Celebrating Innovation at NAB 2012
- Parent Category: Events
- Published on Tuesday, 08 May 2012 14:20
The companies that provide the latest technology and equipment to broadcast and film professionals recently ventured to Las Vegas, Nev. for the 2012 National Association of Broadcasters (NAB) trade show — and this year’s event gave attendees plenty to marvel over. The show floors were packed, the sessions informative and educational, and the hottest topic throughout the weeklong event was the industry movement to a 4K workflow.
For 3D camera operators, it’s hard to beat the Meduza Systems’ Titan, one of the few fully integrated 3D cameras at this year’s NAB. Featuring two 1080p CMOS sensors, Titan is capable of both 1080p and 2K resolution as well as frame rates from 24 to 60 fps in 10 bit.
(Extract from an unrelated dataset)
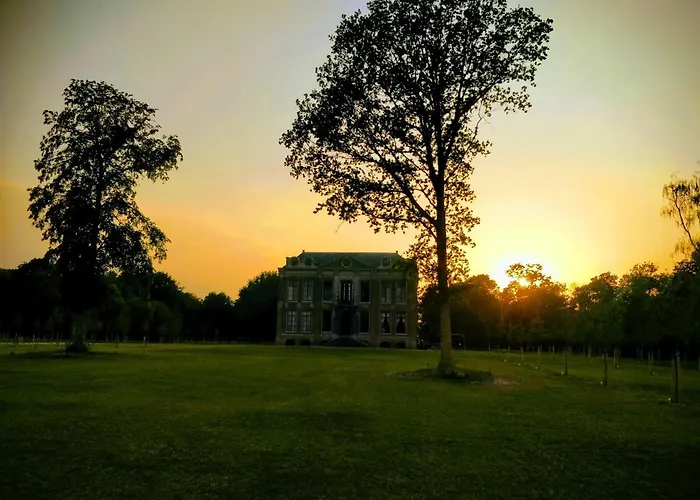 B&B Huis der Boede Koudekerke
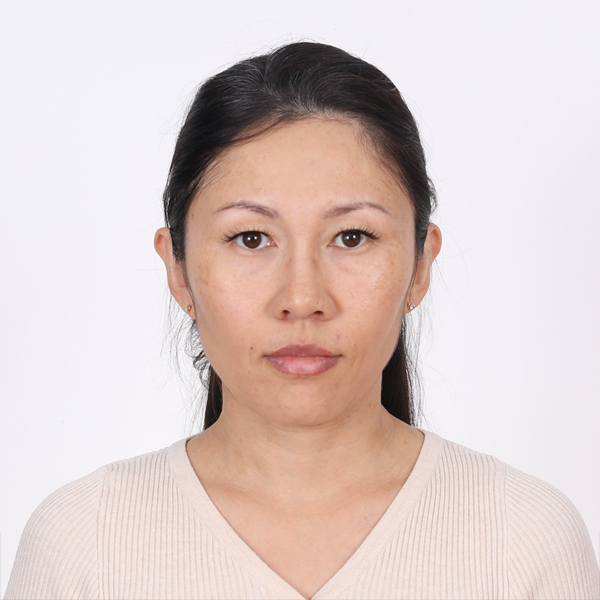 Динара Буканова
It now includes 3ality Technica’s THC motor drive, plug-and-play interface and an integrated system for controlling focus, iris, convergence and IA (interaxial) either with 3ality’s THC hand controller (connected to the camera body) or wirelessly via Bluetooth from an Apple iPad. Meduza also introduced its Delta 4K S3D stereo lenses, a purposely matched pair of 3D lenses for ultra-precision, especially with their motorized focus and iris controls.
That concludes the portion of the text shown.